Startup School – Opportunity cost of perfection

< 1 min read

What other features are needed to make your product perfect? The opportunity cost of perfection is the cost of that feature’s addition if it delays the product launch. Ultimately, the incremental cost dictates what you build and what you ship.

You can choose the easy way out by agreeing to everything the customer has to say and then fighting it out internally by taking the “we can’t-go-wrong-by doing- what-the-customer-says” defense. On the technical side, the decision is complicated by the need to consider the financial, business, and schedule impact of technical and feature perfection. The business side is not aware of all technical issues, and the technical side finds it difficult to accept the strategic nature of decisions that disrupt its schedule or impose impossible deadlines. Who, how, or what defines the middle ground?

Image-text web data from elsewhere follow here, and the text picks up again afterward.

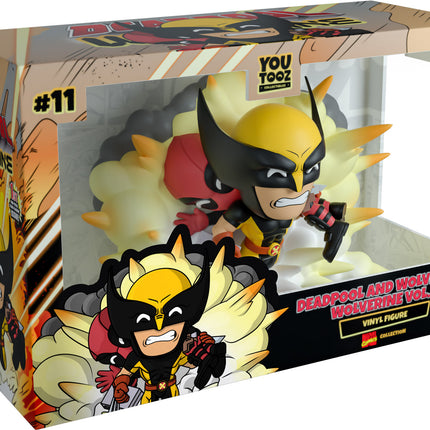 YouTooz - DEADPOOLANDWOLVERINE: WOLVERINE VOL.1 [Release date: 07/25]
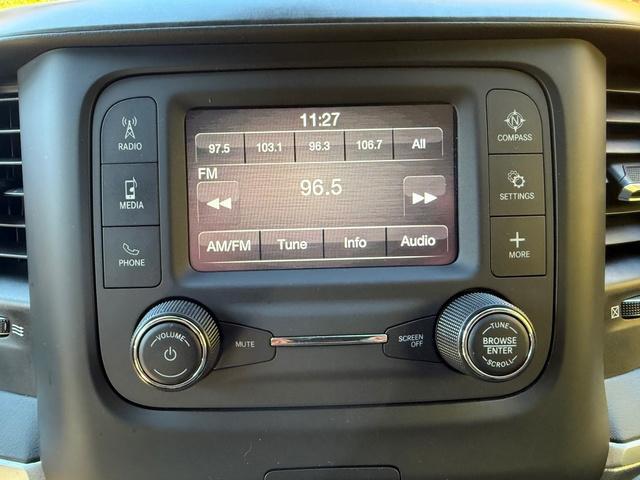 used 2021 Ram 1500 car, priced at $32,999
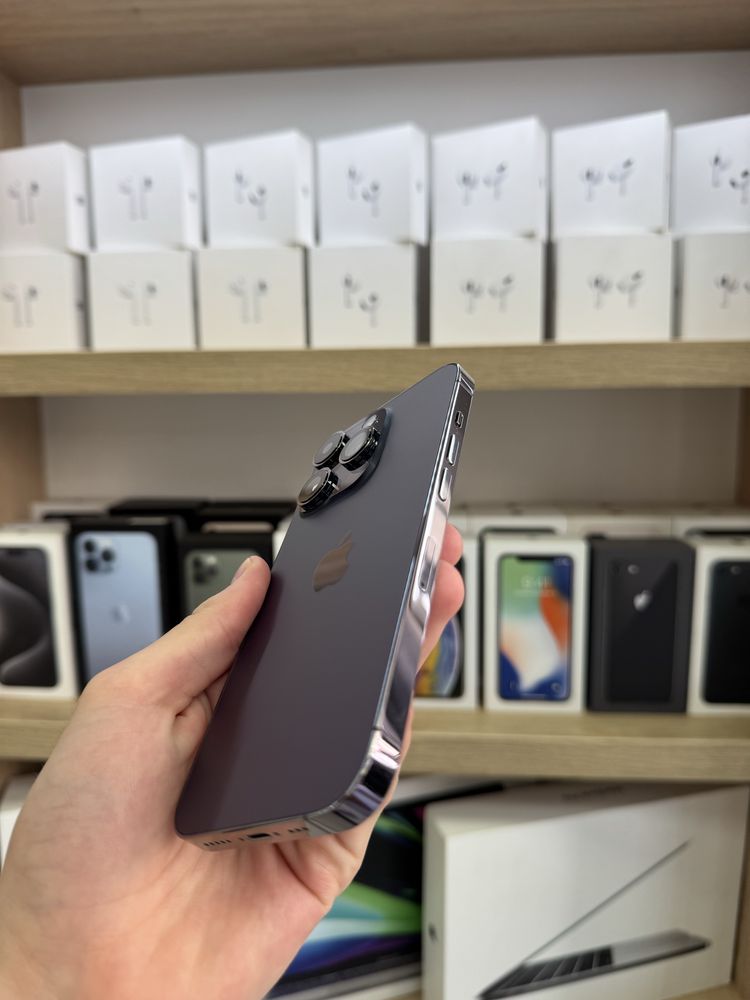 iPhone 14 Pro 512GB Deep Purple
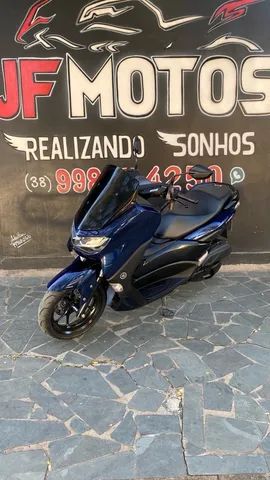 Yamaha NMax 160
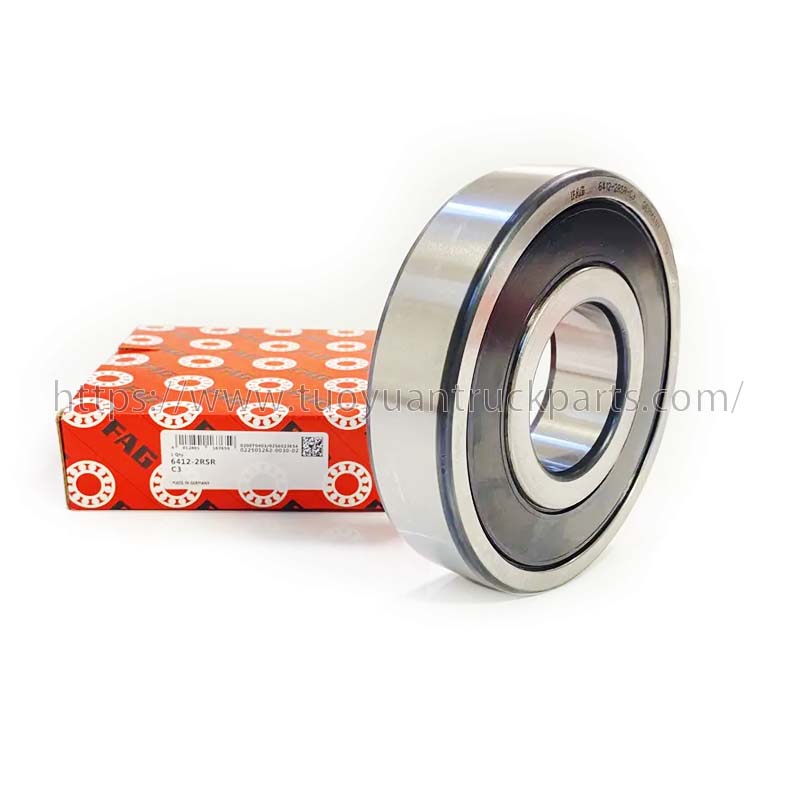 Deep Groove Ball Bearing tətbiqi ssenariləri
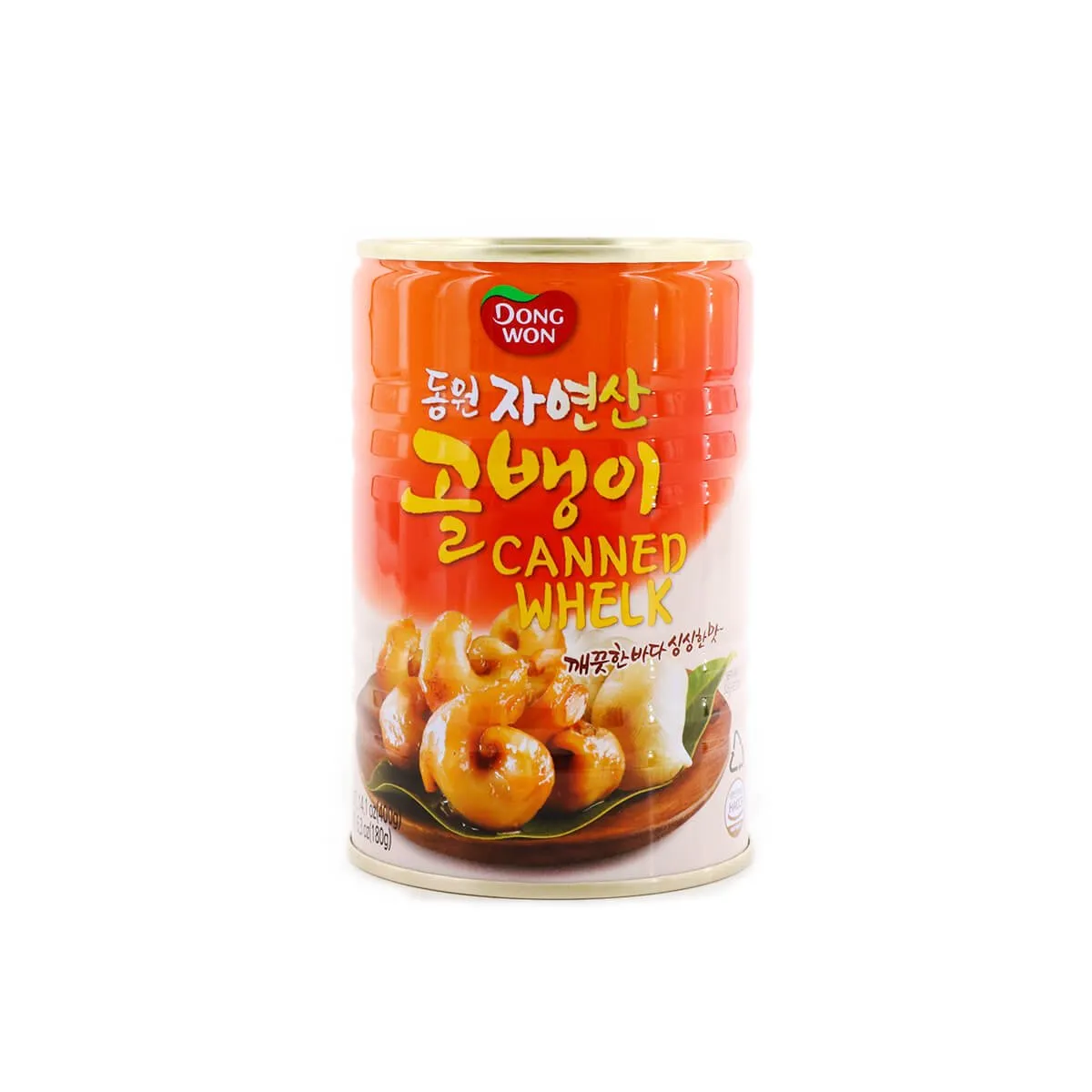 Dongwon Bai-Top Shell Meat (Whelk) 14.1oz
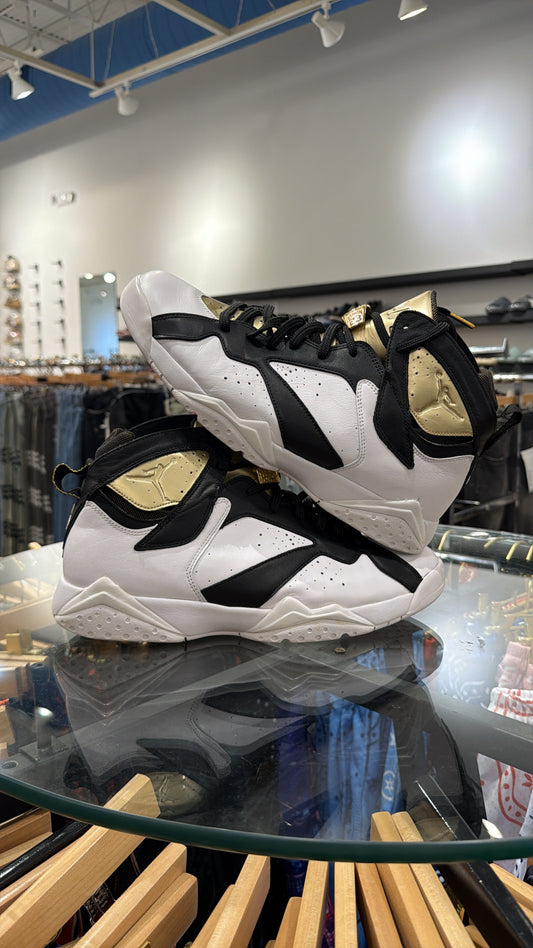 Jordan 7 Champagne used no box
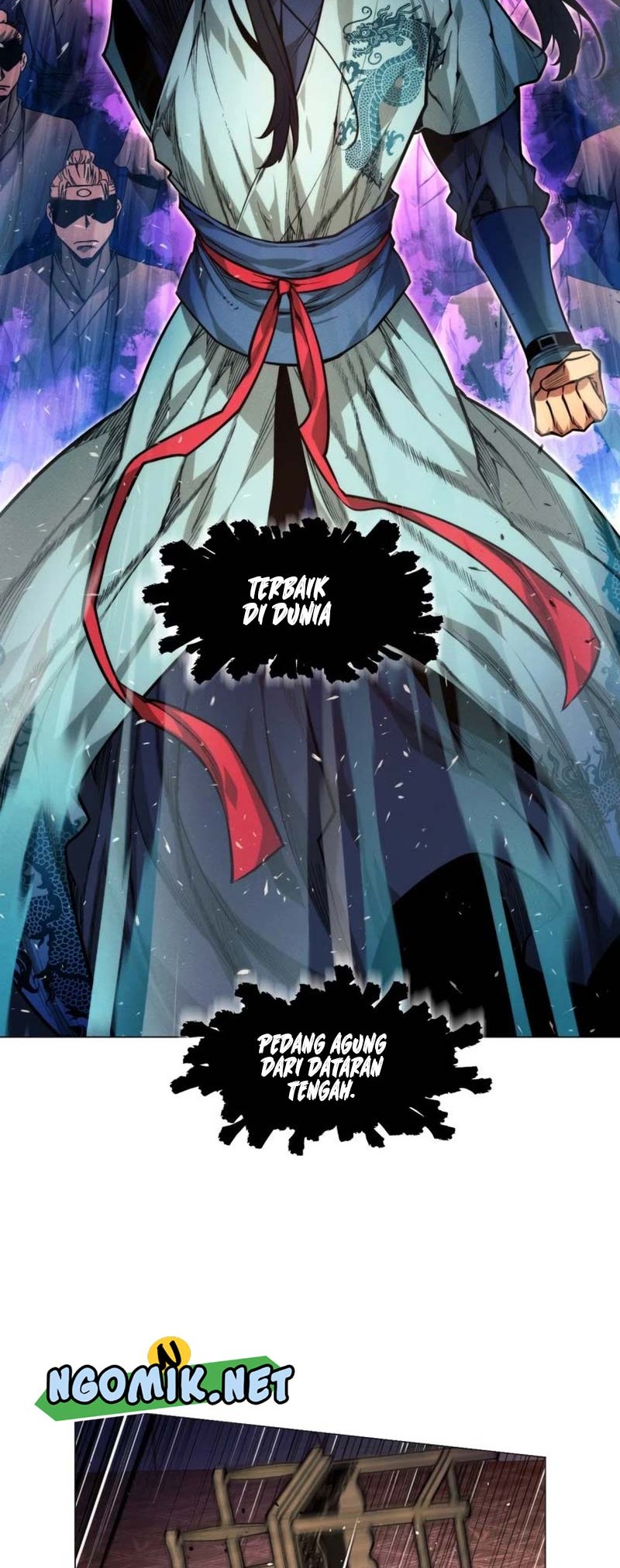 Modern Man Who Fall Into Murim Chapter 6 - halaman 3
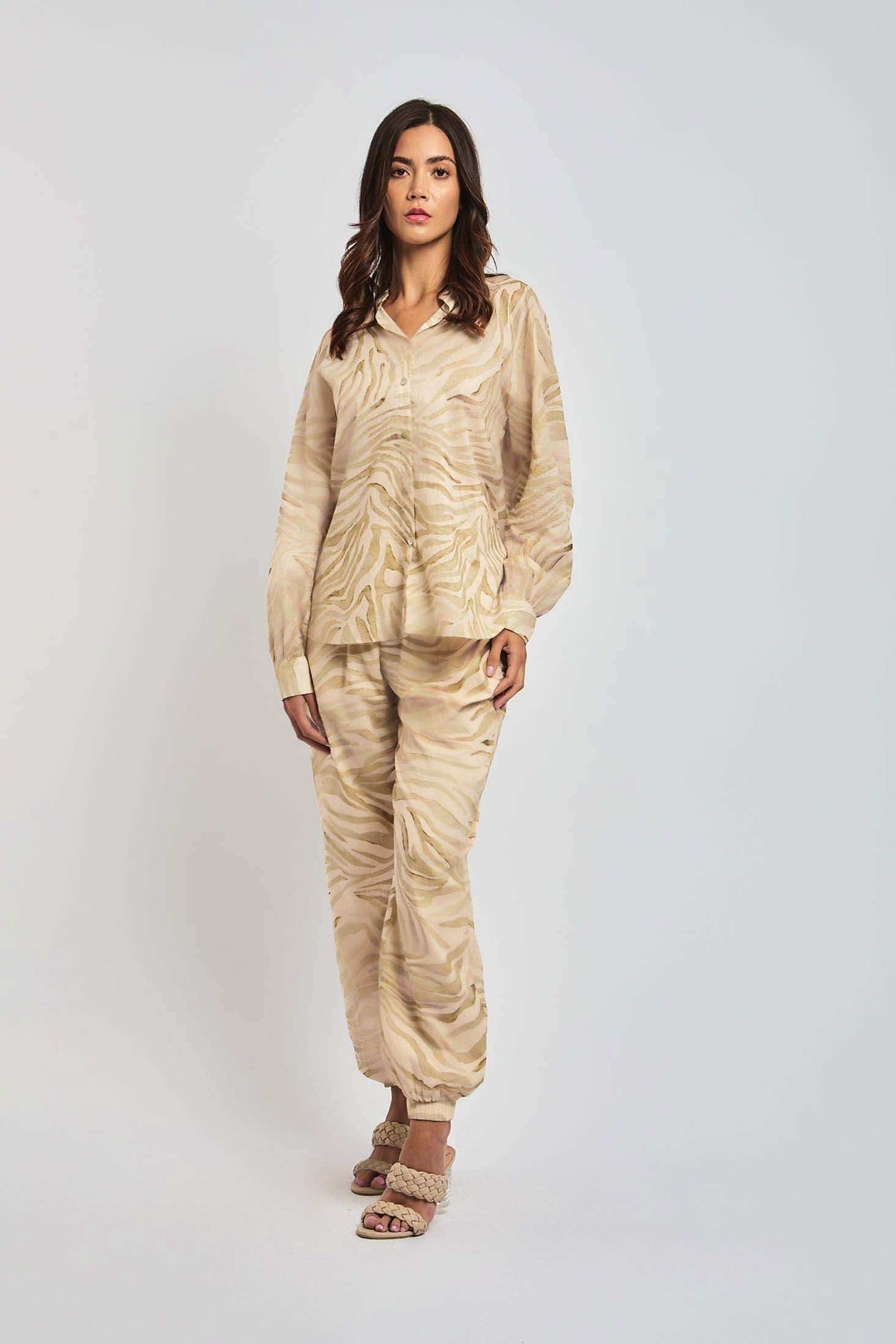 Women Regular Fit Blouse - Multicolorcolor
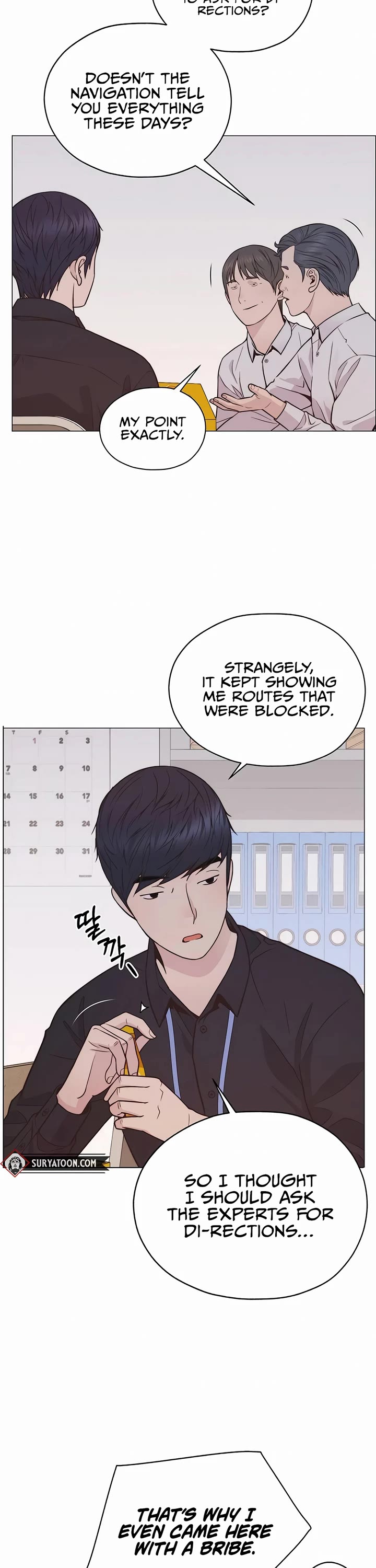 Real Man Chapter 184 page 2 - Chapter 184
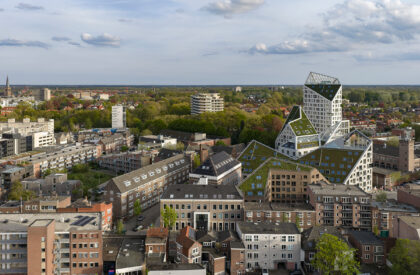 Nieuw Bergen | MVRDV
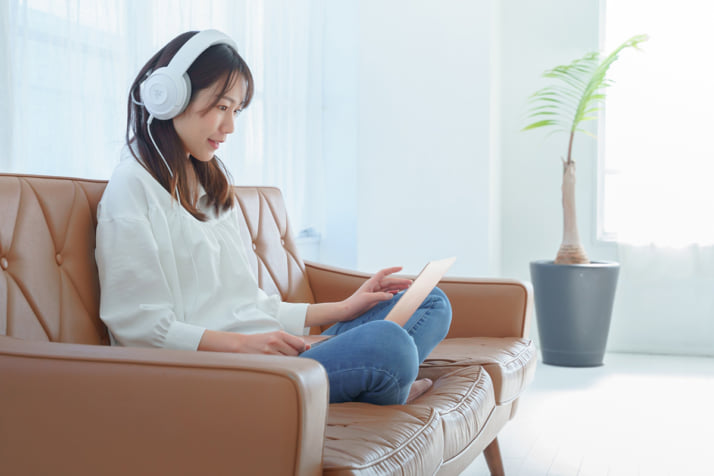 オンライン授業イメージ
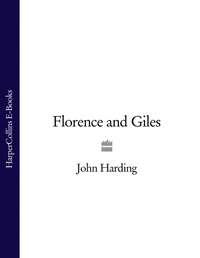 Florence and Giles, John  Harding audiobook. ISDN39784729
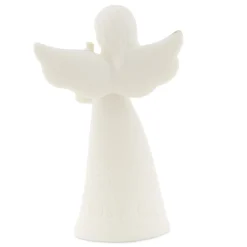 A Caring Heart Mini Angel Figurine, 3.8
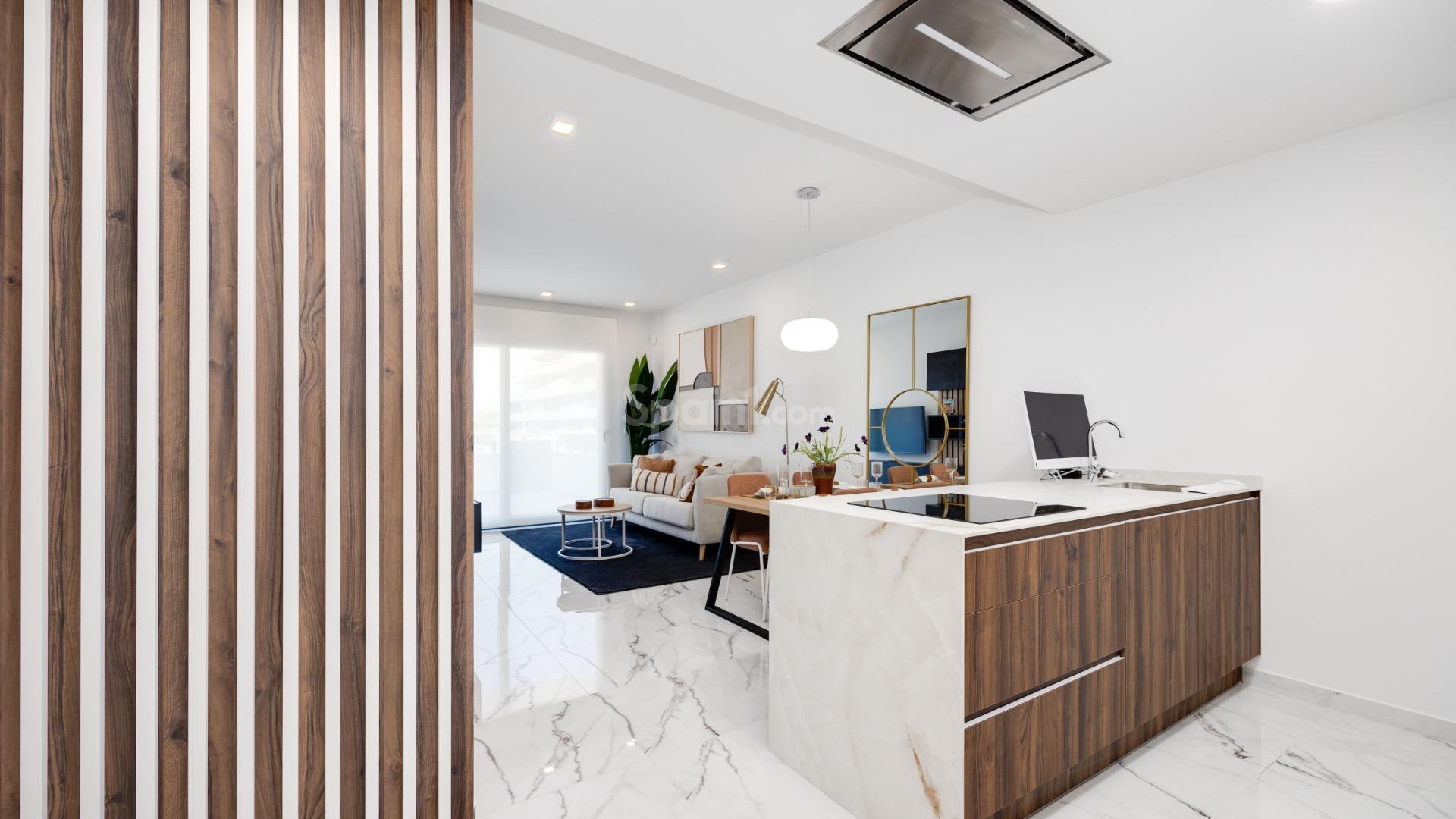 New Build - Apartment -
San Miguel de Salinas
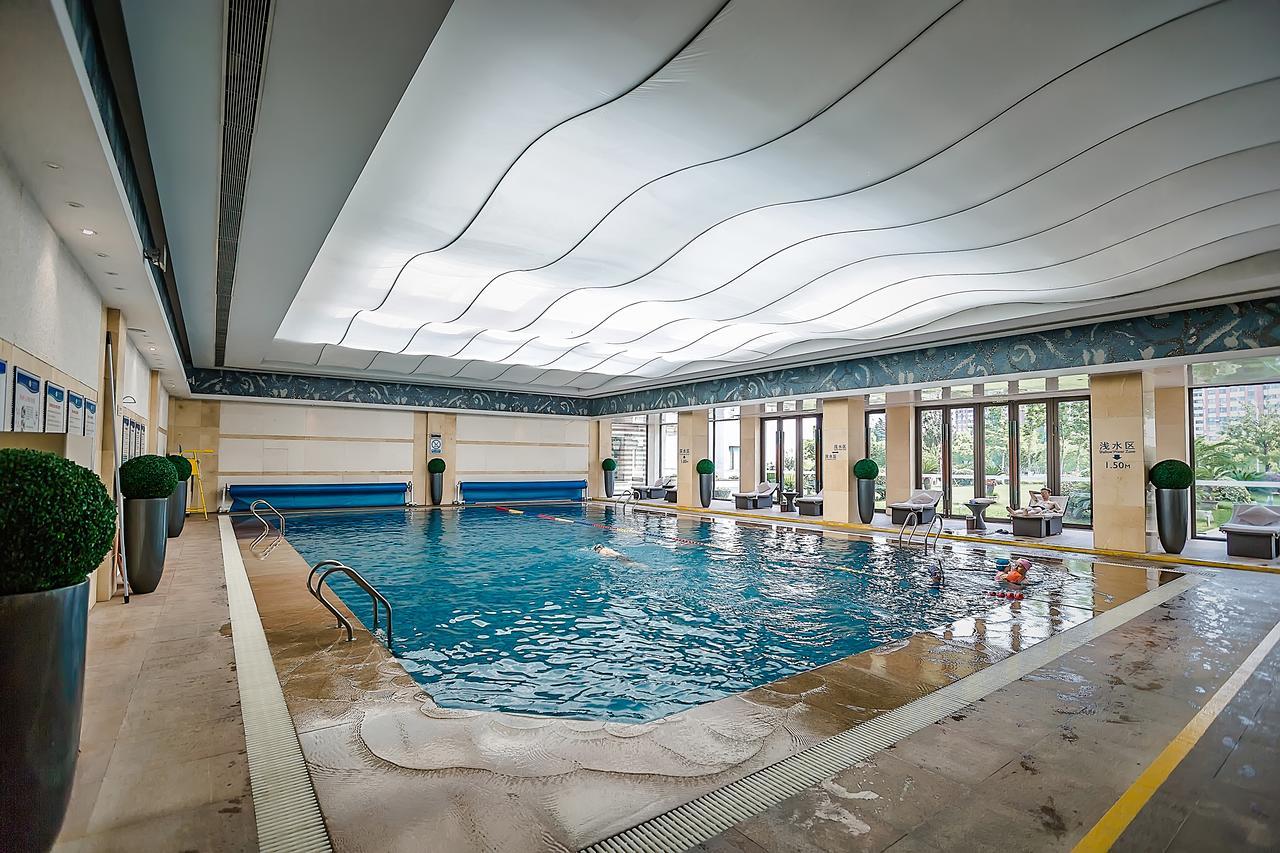 Ondine International Hotel Zhenjiang  Esterno foto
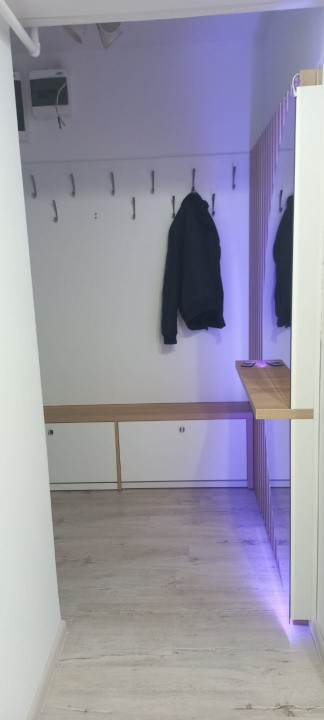 Apartament cu 2 camere-Iuliu Maniu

The Market. Of all the things that you would like to have in your offering, you need to decide on the balancing act that the market will accept—the middle ground that will get you to market ahead of competition and clear it in economic terms62. A market-visible, revenue-generating product is more important than a Lexus. Timing is more important than features. Getting it out there is more important than perfection. Testing the merit of the idea on a small pilot is more important than an elaborate and expensive rollout.

Don’t get me wrong. Try shipping a lemon and you are just as dead as you were with the Lexus. You aim for a solution that works somewhere between a Band-Aid and a move-in ready home; that doesn’t break the bank; that buys you customers, cash, time, and money; and that allows you to tuck away a handful of small wins that can be cashed later when you need them.